Give back the full listing as written. No pictures go with it.

**COLLECTED DATA**
Content starts

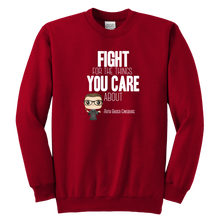 Load image into Gallery viewer, RBG Fight Youth Crewneck Sweatshirt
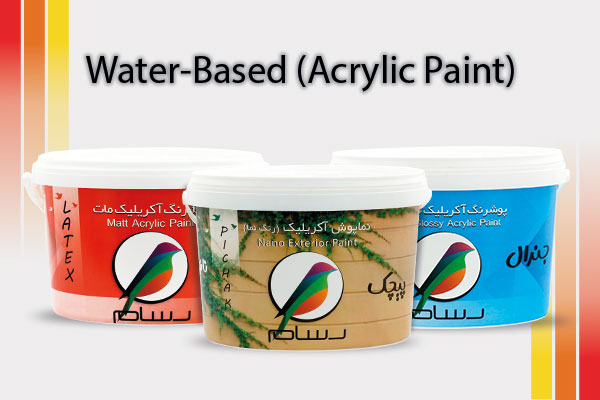 Water-based paints (acrylic)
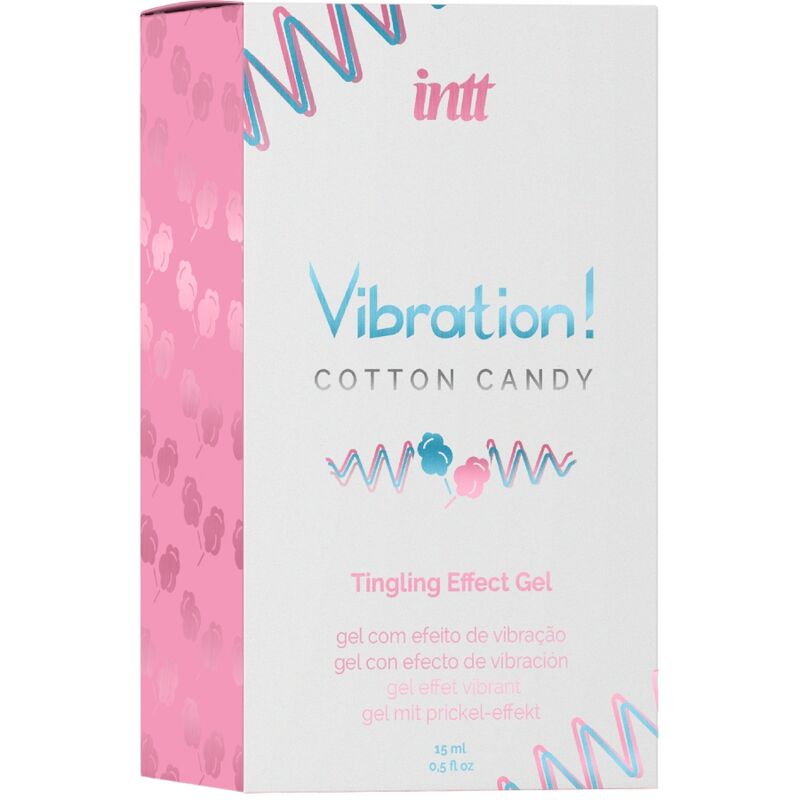 INTT - POWERFUL INTIMULATION COTTON CANDY LIQUID VIBRATOR GEL 15 ML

Content ends

**EXPECTED OUTPUT**
 Load image into Gallery viewer, RBG Fight Youth Crewneck Sweatshirt
 Water-based paints (acrylic)
 INTT - POWERFUL INTIMULATION COTTON CANDY LIQUID VIBRATOR GEL 15 ML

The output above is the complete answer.